Here’s the situation: you have a few indie games under your belt, they’ve done fairly well, and now you want to develop your first, truly ‘big’ indie game. You have had an idea for an indie game that is truly epic in scope, and you know that thanks to the experiences you’ve earned from your past indie games, you are ready to push the envelope, crank your next game up to 11, and develop an indie game that is going to be unlike anything you have ever developed. It’s going to be a monumental jump, and you want to be ready for whatever comes your way.
First of all – congratulations! If you know that you are truly ready, then don’t hold back: make your first big indie game and start the next chapter in your career. However, there is a magic word you need to keep in mind before you start developing the indie game:
Your indie game is probably going to have a larger budget than your past indie games: in fact, it could exceed the cost of your first indie games combined (taking into account the scope of your current/previous indie games, of course). Create a gameplan before starting so you won’t go over budget, and most importantly? So your indie game will see the light of day. Here is a checklist you should go through to estimate the budget for your first big indie game.
Identify up-front, unavoidable costs
In other words: how much do you actually need to spend? For example, if you are developing the indie game in-house, are you going to need to purchase new hardware? New areas for your employees to work?
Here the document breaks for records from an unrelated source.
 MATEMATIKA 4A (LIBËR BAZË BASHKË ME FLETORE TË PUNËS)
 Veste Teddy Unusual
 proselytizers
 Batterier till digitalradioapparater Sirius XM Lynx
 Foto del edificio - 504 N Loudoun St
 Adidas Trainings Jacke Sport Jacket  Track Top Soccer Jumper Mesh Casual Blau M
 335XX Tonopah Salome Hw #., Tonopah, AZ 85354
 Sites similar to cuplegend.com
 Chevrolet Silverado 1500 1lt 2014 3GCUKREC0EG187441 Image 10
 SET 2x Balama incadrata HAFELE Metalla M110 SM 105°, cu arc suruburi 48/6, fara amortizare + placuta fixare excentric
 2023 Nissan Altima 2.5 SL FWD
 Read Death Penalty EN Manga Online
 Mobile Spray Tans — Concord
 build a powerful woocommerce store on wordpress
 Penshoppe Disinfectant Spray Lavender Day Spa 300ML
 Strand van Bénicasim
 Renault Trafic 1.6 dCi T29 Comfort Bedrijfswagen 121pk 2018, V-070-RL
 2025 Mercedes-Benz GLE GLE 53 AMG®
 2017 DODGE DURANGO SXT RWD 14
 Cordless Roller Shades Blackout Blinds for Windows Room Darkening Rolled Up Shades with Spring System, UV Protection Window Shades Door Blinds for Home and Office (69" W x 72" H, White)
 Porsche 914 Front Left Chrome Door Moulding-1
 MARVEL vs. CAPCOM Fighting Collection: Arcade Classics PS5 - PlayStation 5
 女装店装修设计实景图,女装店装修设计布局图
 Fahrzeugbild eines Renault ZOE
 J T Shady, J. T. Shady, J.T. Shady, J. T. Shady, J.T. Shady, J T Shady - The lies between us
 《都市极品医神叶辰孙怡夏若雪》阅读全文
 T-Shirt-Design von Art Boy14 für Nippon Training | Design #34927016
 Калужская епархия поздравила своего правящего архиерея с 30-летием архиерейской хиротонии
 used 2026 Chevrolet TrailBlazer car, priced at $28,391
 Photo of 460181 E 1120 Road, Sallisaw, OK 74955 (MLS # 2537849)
How much do you absolutely need to spend in order to get your indie game off the ground and being developed?
You need to also consider the amount you will need to spend on add-on costs. From marketing to outsourcing playtesting sessions to even renewing your web domains (yes, they must also be configured into the equation), you need to sit down and outline exactly what your possible costs are going to be.
From there? Detail the maximum amount you may be faced with spending on your next indie game. Inflate the amount you may have to spend. By doing so, you will be able to approach the development of your indie game with enough cash in the bank (and hopefully a little extra on the side).
Tentative timeline of project
Time is money: that’s just the nature of things. The longer it takes you to develop your indie game, check for quality assurance, playtest it, market it, and get it released to the public, the more money you could possibly lose. Especially with a big indie game, you are taking up a lot of time that you could be spending on another indie game (and depending on the size of your studio, your team could be developing multiple indie games simultaneously).
Thus, you need to create a timeline for the project. Again, sit down with your team and decide how long it may take to finish the game. Then, double the amount of time it will take (because believe us, it isn’t going to be finished when you think it will be). Create a timeline, stick with it, and finish your indie game on time.
How much are you willing to pay per role?
In other words, how much are you willing to spend on your outsourced workers? You will be able to get a solid idea for this whenever you set a budget. Keep your role for each outsourced worker at your budget or under (preferably under budget), and by doing so? Your indie game is going to stay out of the ‘red’ and at a budget your indie studio can handle.